++++ Supplied material ++++

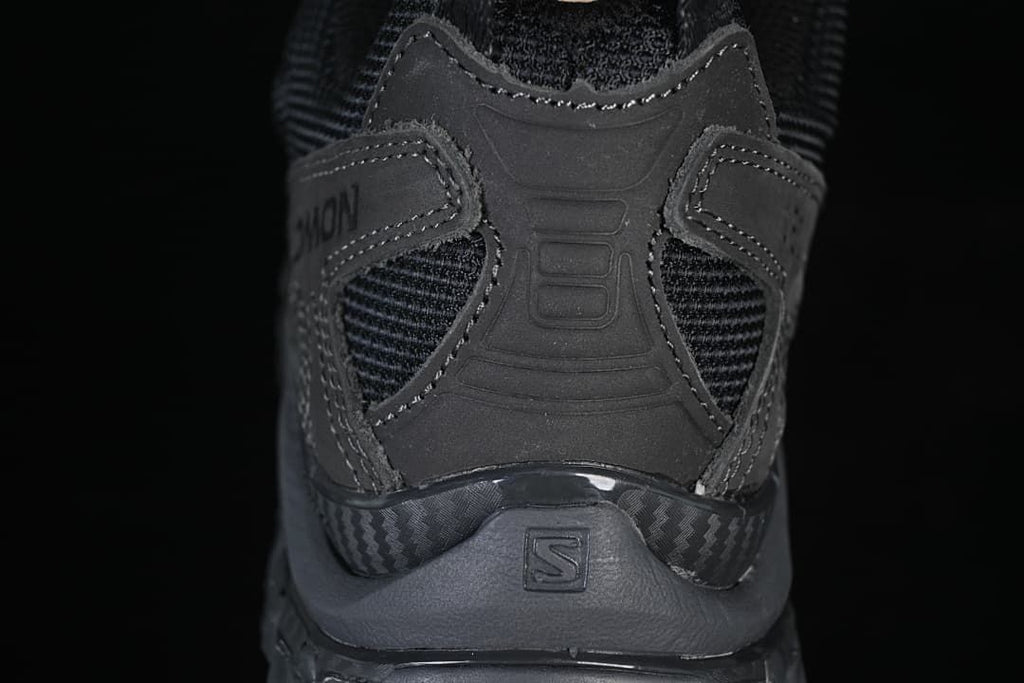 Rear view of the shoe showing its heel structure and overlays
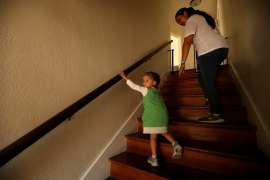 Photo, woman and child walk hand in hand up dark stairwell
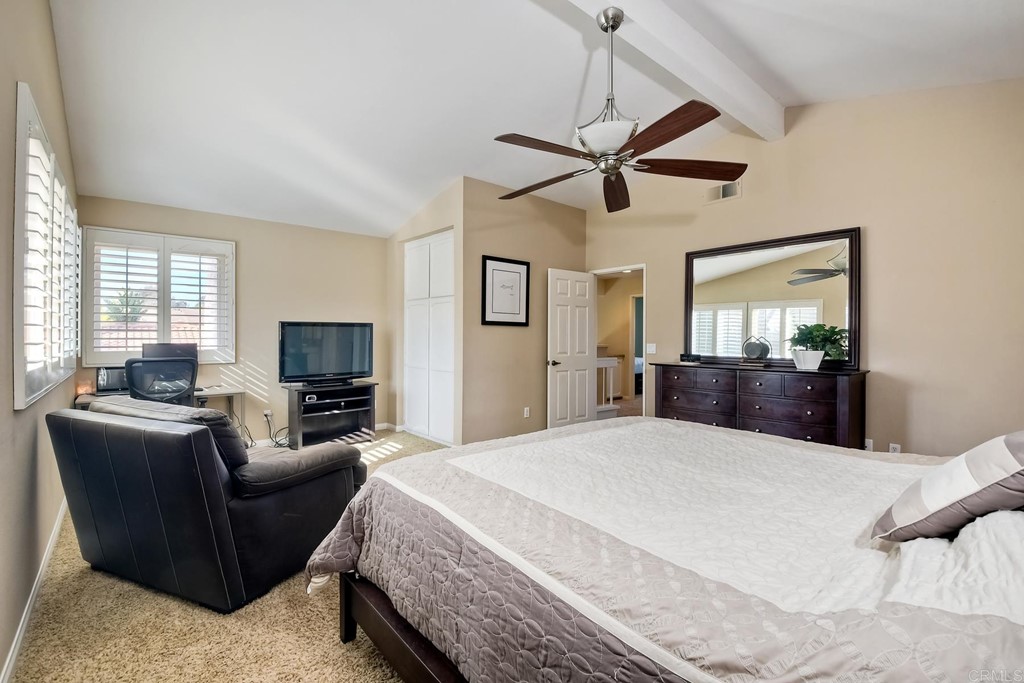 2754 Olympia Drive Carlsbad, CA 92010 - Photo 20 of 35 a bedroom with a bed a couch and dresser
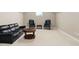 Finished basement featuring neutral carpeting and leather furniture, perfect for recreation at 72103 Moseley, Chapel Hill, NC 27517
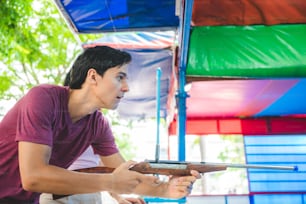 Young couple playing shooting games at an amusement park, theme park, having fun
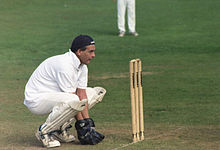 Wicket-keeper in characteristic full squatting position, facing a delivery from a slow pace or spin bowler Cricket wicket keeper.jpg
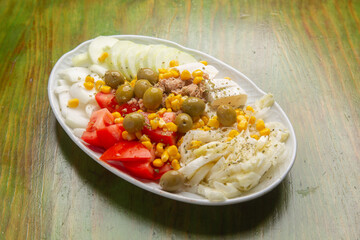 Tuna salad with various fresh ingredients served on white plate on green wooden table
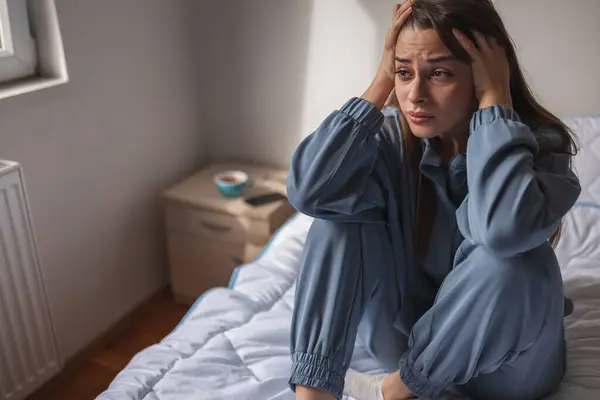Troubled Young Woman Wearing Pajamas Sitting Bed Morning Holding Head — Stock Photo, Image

++++
++++ Supplied material ++++

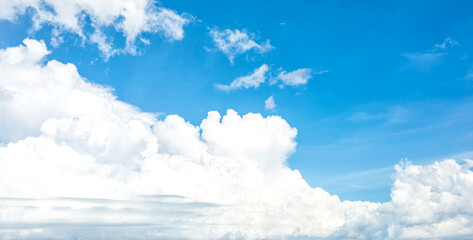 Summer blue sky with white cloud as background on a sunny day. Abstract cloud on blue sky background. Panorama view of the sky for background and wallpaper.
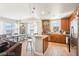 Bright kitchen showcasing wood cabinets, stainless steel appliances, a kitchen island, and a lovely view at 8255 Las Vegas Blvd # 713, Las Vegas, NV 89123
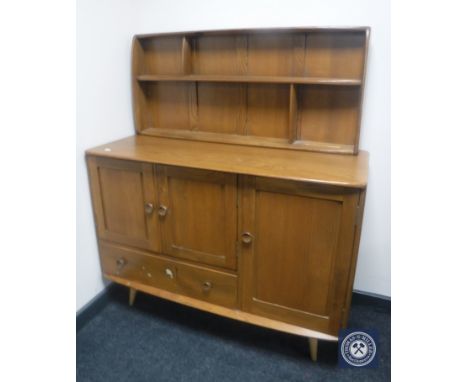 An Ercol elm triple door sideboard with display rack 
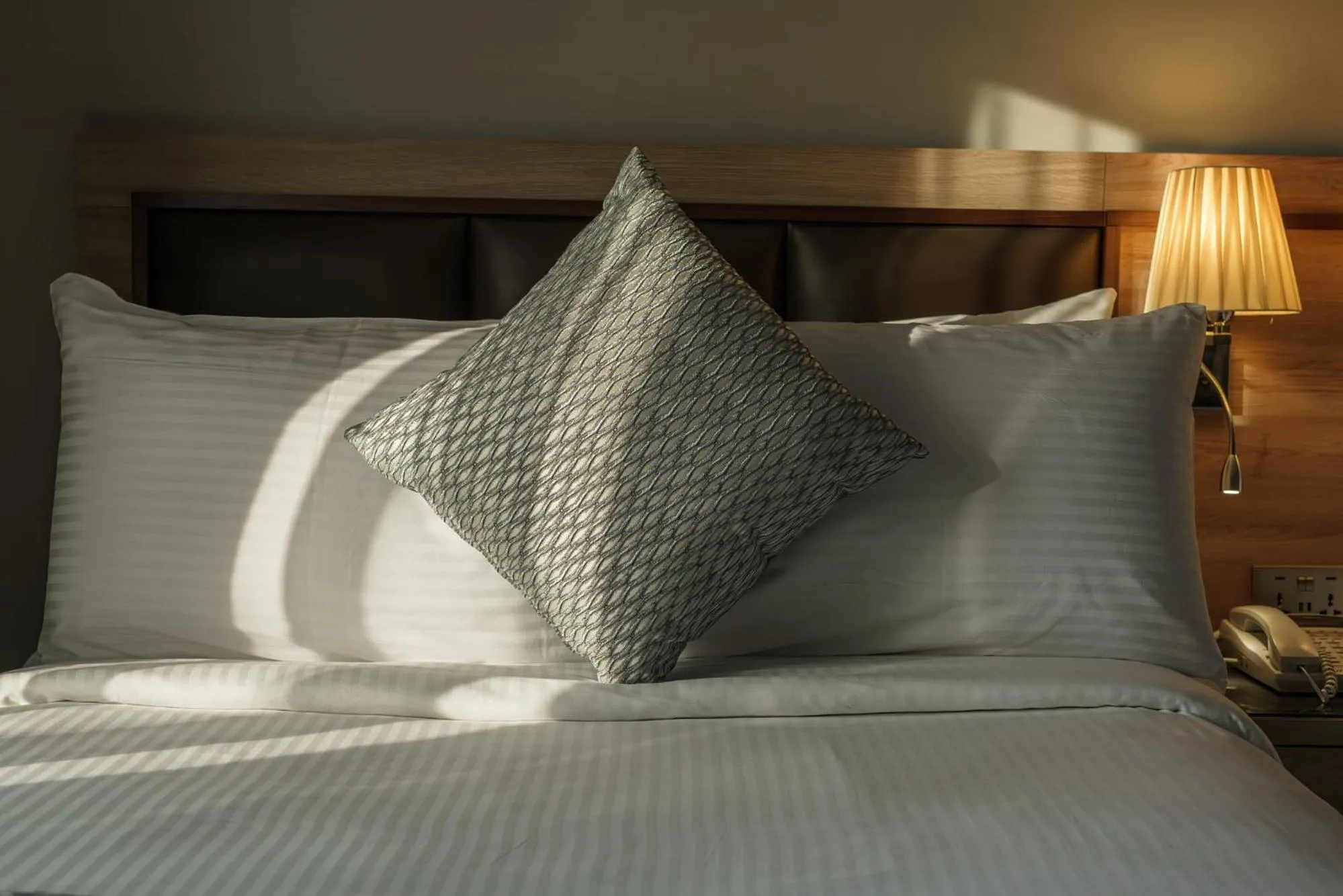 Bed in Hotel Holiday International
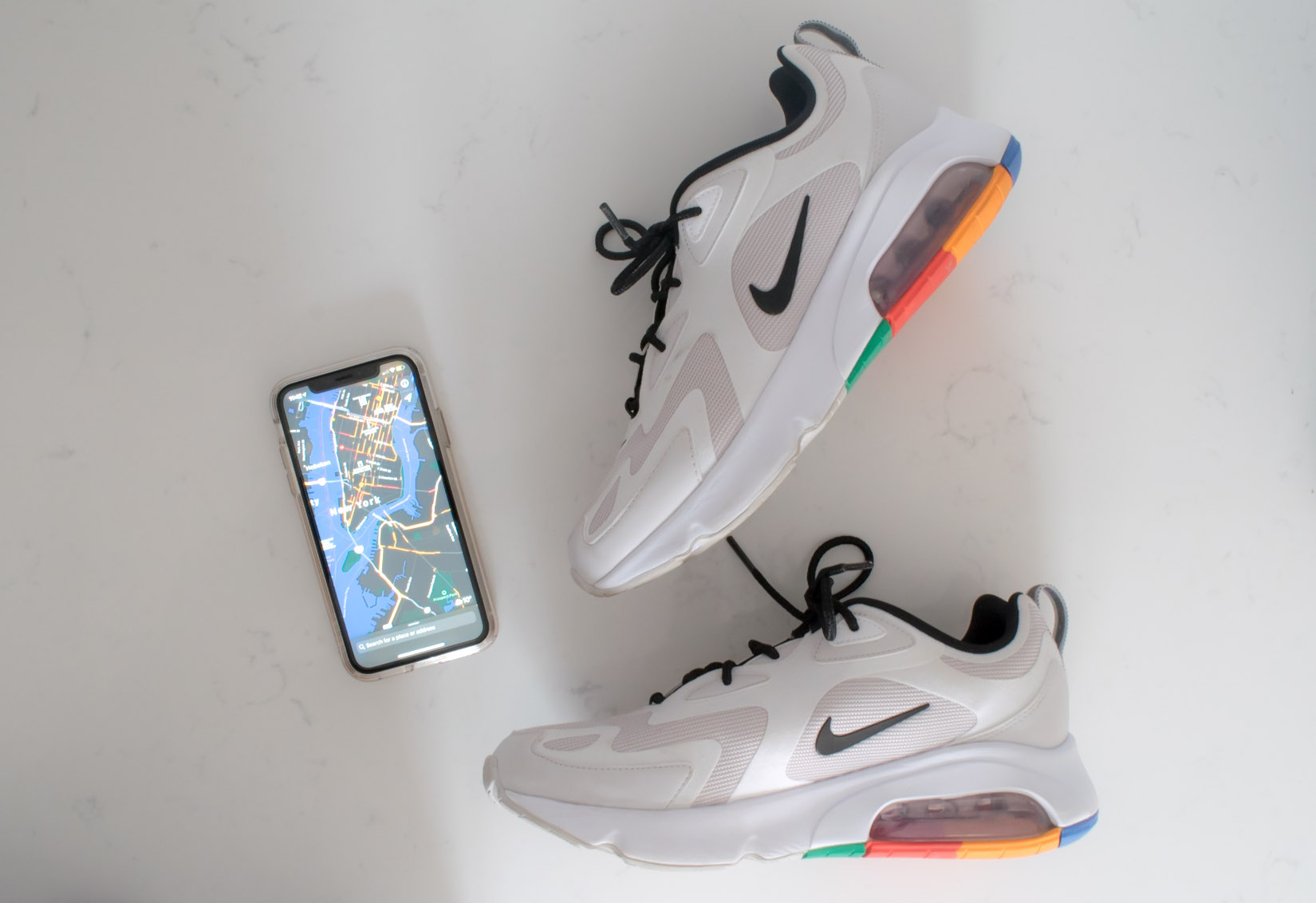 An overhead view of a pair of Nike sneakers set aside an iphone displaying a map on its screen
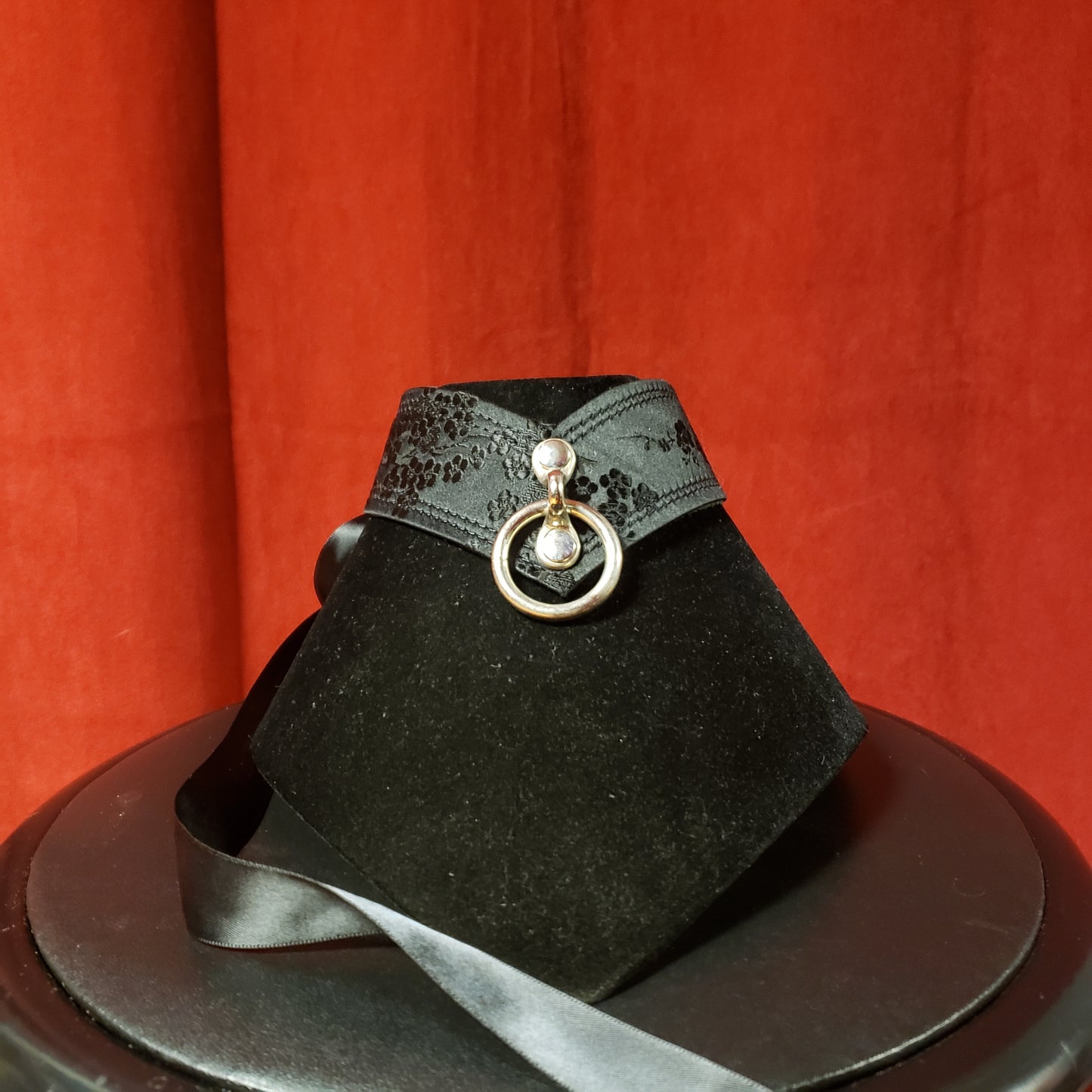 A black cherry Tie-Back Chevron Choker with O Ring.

++++

> **Task description**:
Which part of the entries opens with the line containing "Rear view of" and closes with the line containing "Tuna salad with"? Output that part exactly, ends included, pictures excluded.

> **Response to the exercise**:
 Rear view of the shoe showing its heel structure and overlays
 Photo, woman and child walk hand in hand up dark stairwell
 2754 Olympia Drive Carlsbad, CA 92010 - Photo 20 of 35 a bedroom with a bed a couch and dresser
 Finished basement featuring neutral carpeting and leather furniture, perfect for recreation at 72103 Moseley, Chapel Hill, NC 27517
 Young couple playing shooting games at an amusement park, theme park, having fun
 Wicket-keeper in characteristic full squatting position, facing a delivery from a slow pace or spin bowler Cricket wicket keeper.jpg
 Tuna salad with various fresh ingredients served on white plate on green wooden table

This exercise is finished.